Romane Boulard : une para-athlète multiDYS
Enfant, Romane s’est essayée au judo puis à l’équitation. Et puis un jour, une éducatrice de Sessad (Services d’éducation spécialisée et d’aide à domicile), Marion, « en a parlé à mes parents ». Athlétisme handisport. Cette pratique sportive qui, entre autres, développe la coordination motrice et le lien social.
« Je voulais essayer de voir et ça m’a ouvert. J’ai rencontré d’autres personnes, j’ai accepté mon handicap ». Lequel ? Dyspraxie motrice. « Cela veut dire qu’elle n’a aucune idée de représenter son corps dans l’espace », indique Julien Lemardelé. Un trouble, associé à une légère hémiplégie, qui la classe dans la catégorie T38, précise son entraîneur.
« C’est un handicap de naissance, explique Romane. J’ai du mal à faire les choses. Mais je vis avec et c’est grâce à l’athlétisme que j’ai compris que je n’étais pas le seul. »

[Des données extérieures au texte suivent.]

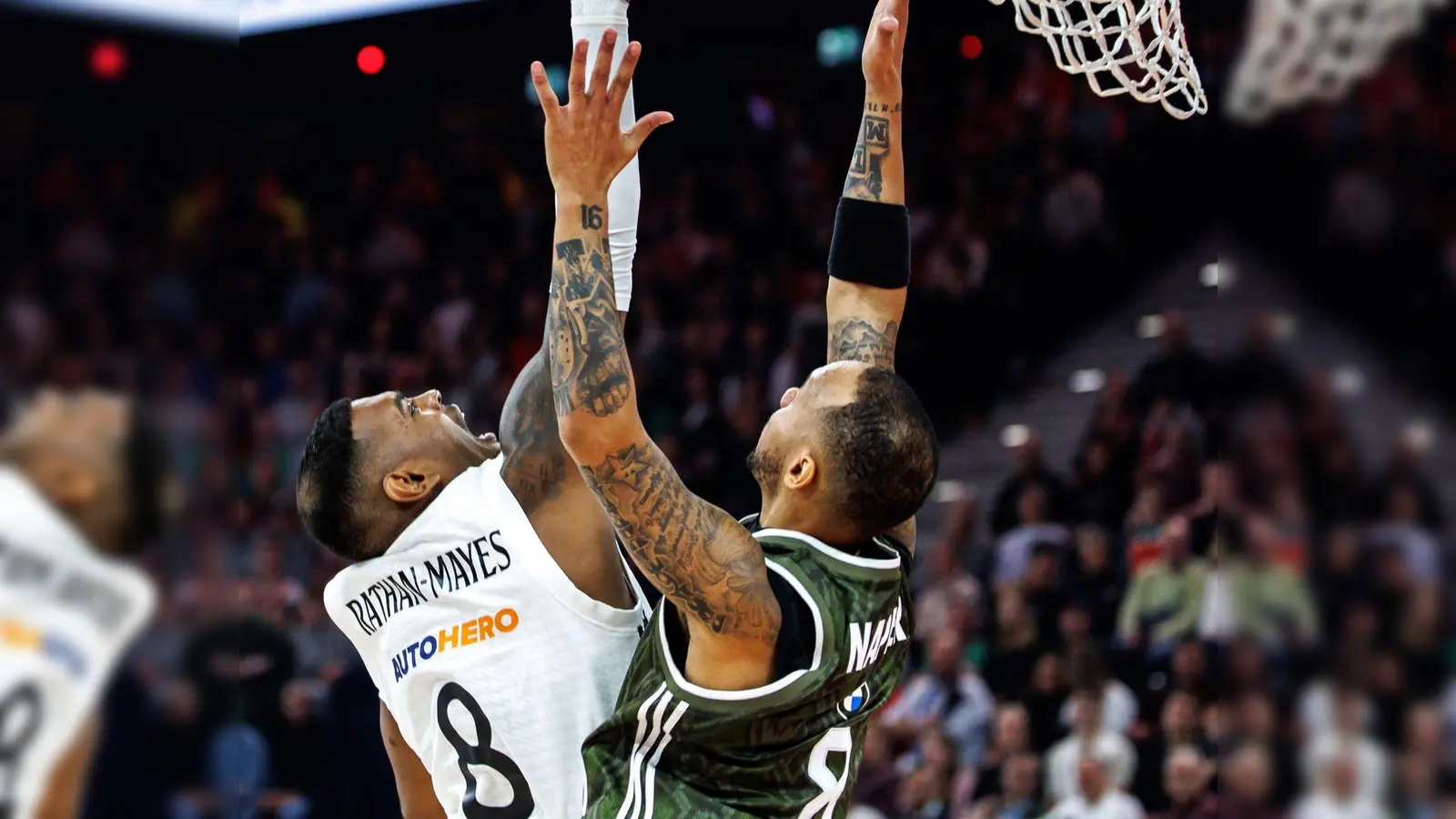 Hier noch Gegenspieler: Xaver Rathan-Mayes (links) wechselt zum FC Bayern. (Foto: Matthias Balk/dpa)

11e Championnats du monde para-athlétisme
1 350 athlètes et 107 nations.
Troisième édition sur le sol français (après Villeneuve-d’Ascq en 2002 et Lyon en 2013), les championnats du monde de para-athlétisme – Paris’23, ont débuté samedi et se termineront le lundi 17 juillet, au stade Charléty.
C’est à l’ASM (que Romane a éclos. Dans une section handisport « super sympa, un vrai groupe, une famille », elle s’enflamme. Et sous la direction d’un technicien pédagogique. Merci encore. « Julien est un très bon entraîneur, c’est grâce à lui que je suis là. Je sais qu’il est là. J’ai de la chance de l’avoir. »
Sixième performance mondiale !
Au club, où la pratique de l’athlétisme dissipe son angoisse, la Clermontoise casse la carapace, s’épanouit. Elle pousse les portes de l’international après des débuts multidisciplinaires en 2015. « J’ai testé le 100m, le 200m, le 400m – c’est dur et j’ai arrêté – la longueur et le poids, j’ai aimé. Mais j’ai cherché où je pouvais être sélectionné ».
Je suis souriante, joyeuse, à l’écoute, mais plutôt têtue.
Ses qualités sportives donnent corps à son ambition, mais pas seulement ; son sens de l’écoute, sa totale implication aussi. « Elle est travailleuse », admire Julien Lemardelé. Peut-être une variante de ce que son élève juge, elle, comme le pire de ses défauts : « Je suis plutôt têtue », avoue-t-elle volontiers avec son sourire enjoué. Ses clés du succès pour la compétition.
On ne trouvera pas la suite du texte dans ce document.